_THE TASK_: In the entries below, begin at the line that has "D.L. Hughley", stop after the line that has "Cabela's Big Game", and output those lines exactly with no pictures.

_DATA FOR REVIEW_:
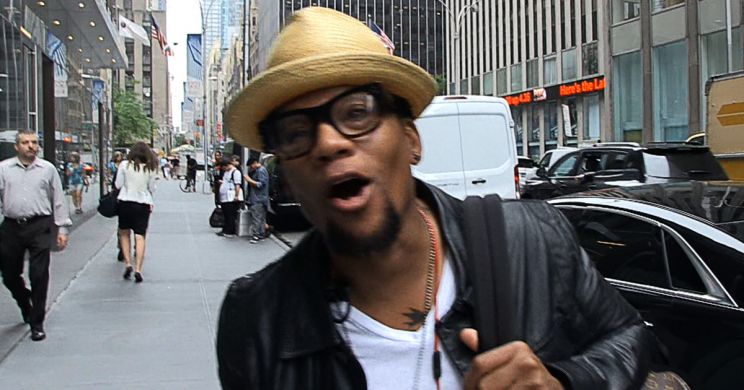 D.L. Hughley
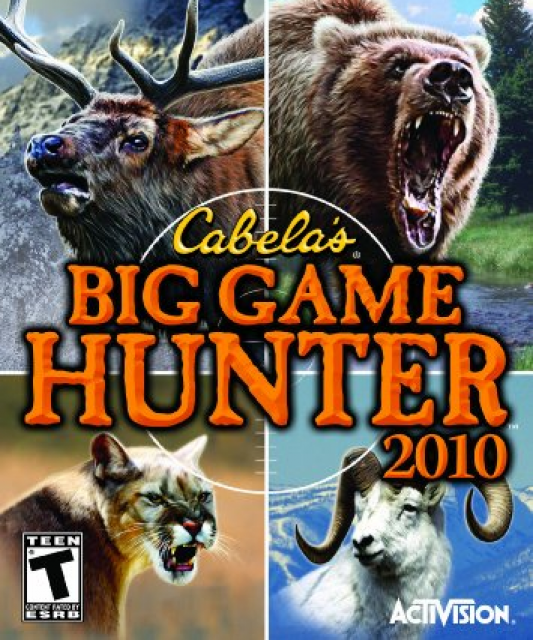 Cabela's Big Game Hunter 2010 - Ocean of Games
...
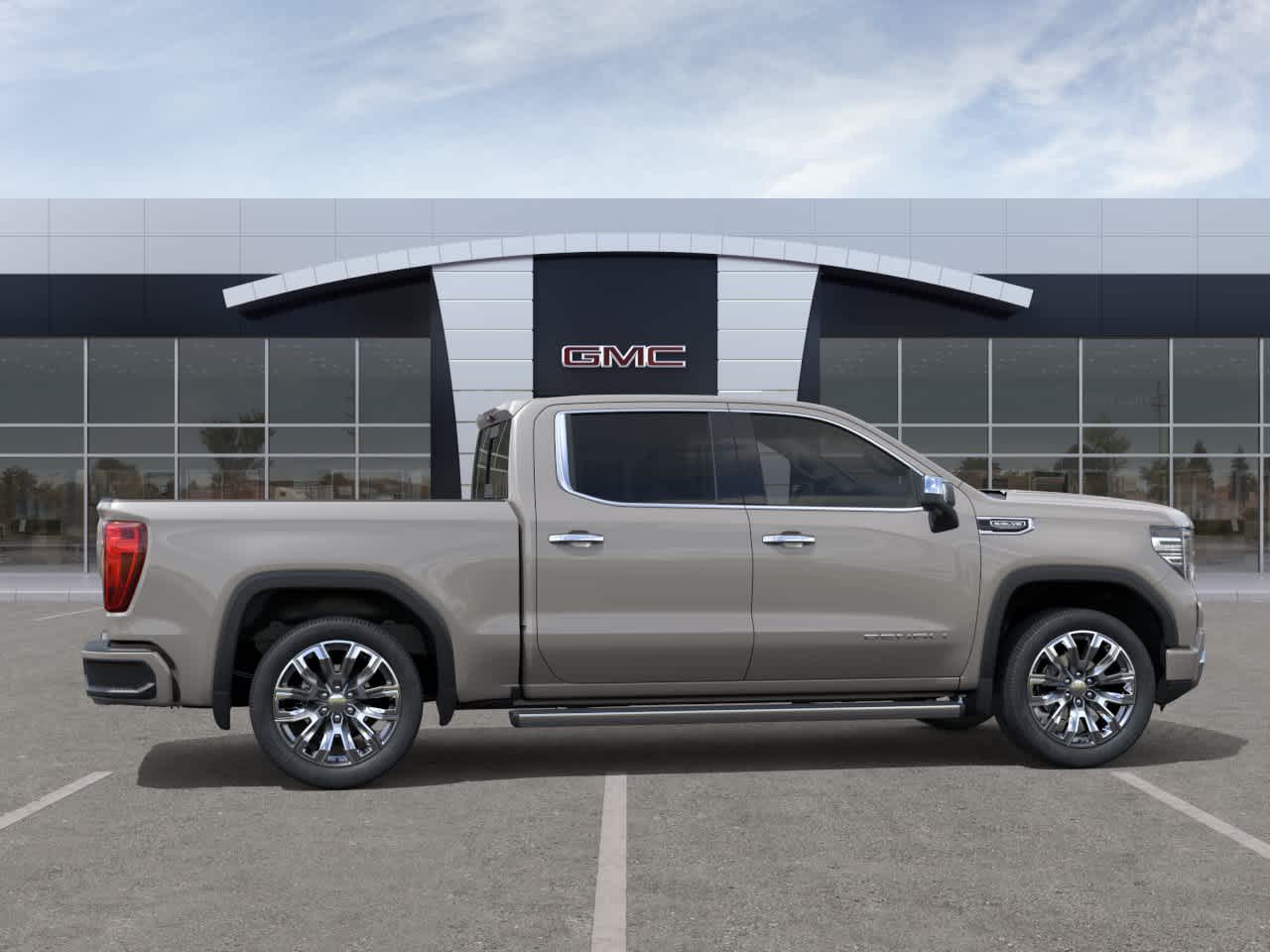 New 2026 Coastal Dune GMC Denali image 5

_OUTPUT OF THE EXERCISE_:
 D.L. Hughley
 Cabela's Big Game Hunter 2010 - Ocean of Games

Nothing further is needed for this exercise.